Assigned task
Copy all the data exactly, except the pictures.

*** Opening Source data ***

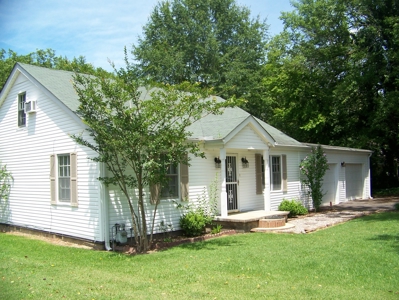 Affordable Home For Sale In Adamsville, Tn Near Shopping - image 1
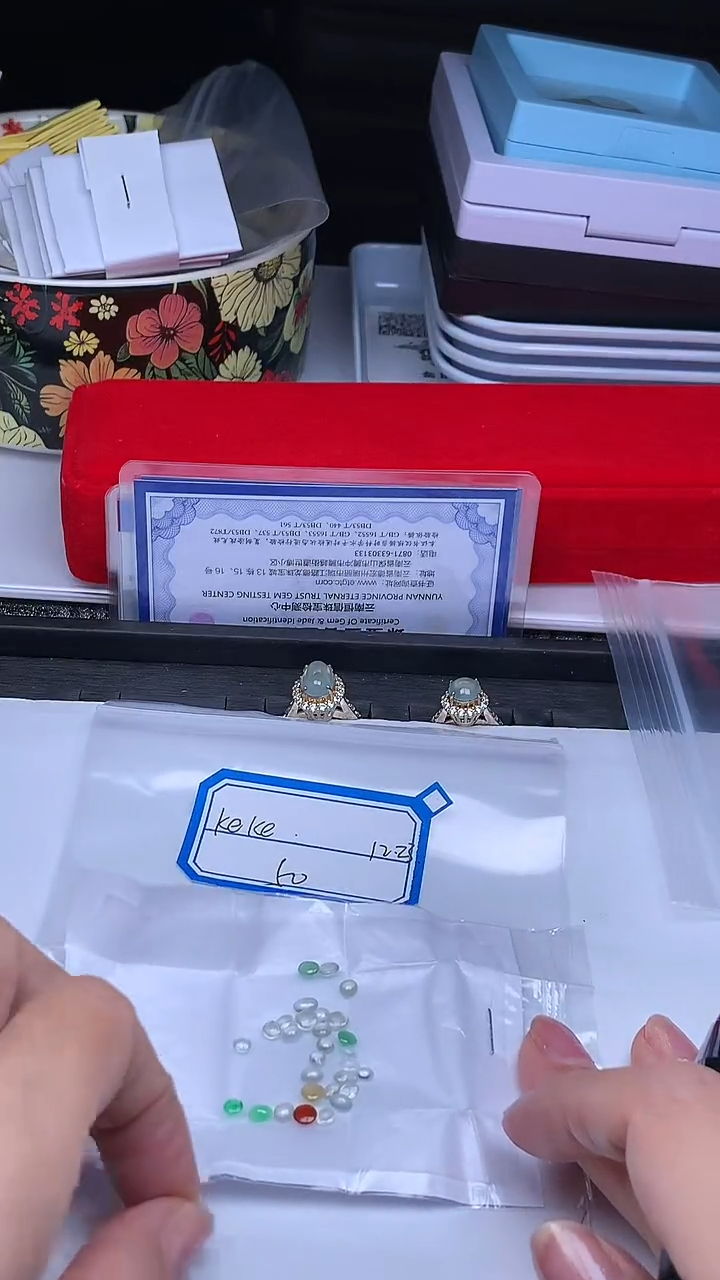 裸石翡翠K****ᝰ+多样性发货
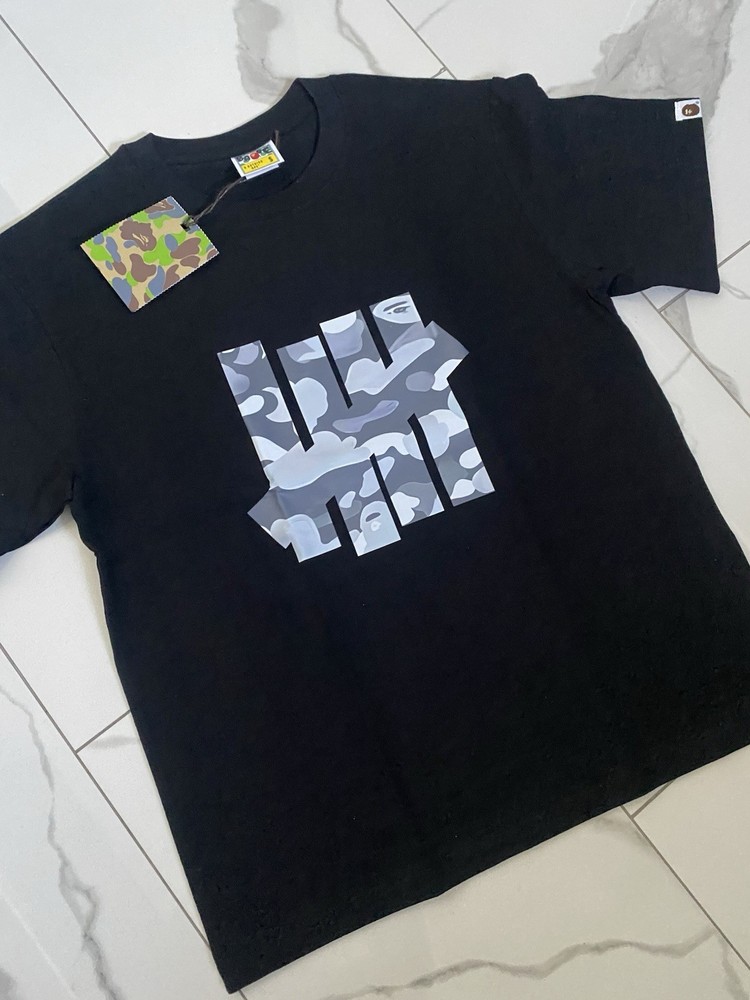 A Bathing Ape x Undefeated Black Camouflage Logo Graphic Men's T-Shirt Size S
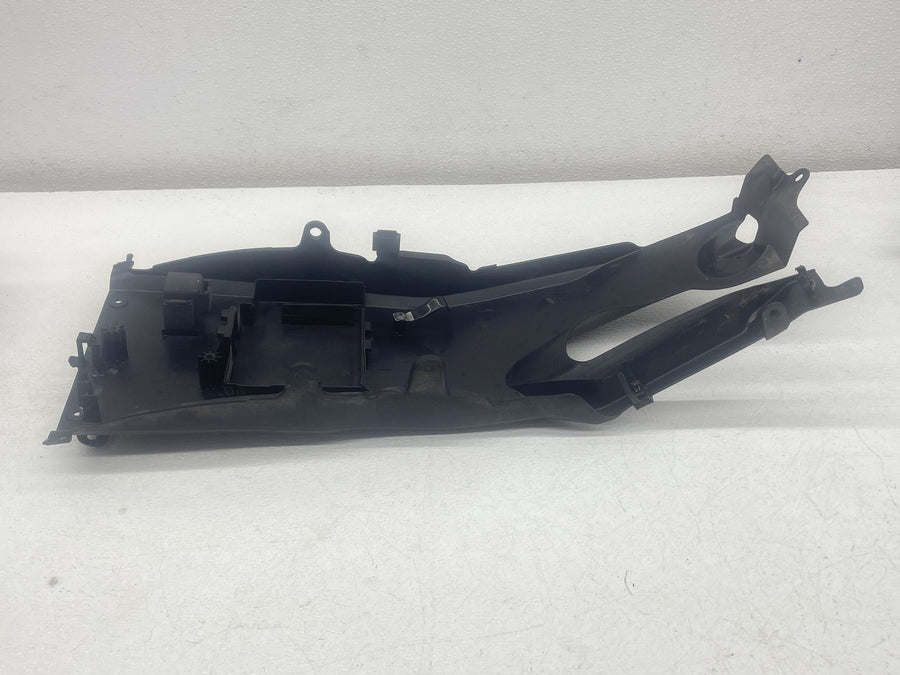 11-15 KAWASAKI NINJA ZX10R REAR BACK TAIL UNDERTAIL FAIRING COWL BATTERY TRAY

*** Closing Source data ***

The completed task
 Affordable Home For Sale In Adamsville, Tn Near Shopping - image 1
 裸石翡翠K****ᝰ+多样性发货
 A Bathing Ape x Undefeated Black Camouflage Logo Graphic Men's T-Shirt Size S
 11-15 KAWASAKI NINJA ZX10R REAR BACK TAIL UNDERTAIL FAIRING COWL BATTERY TRAY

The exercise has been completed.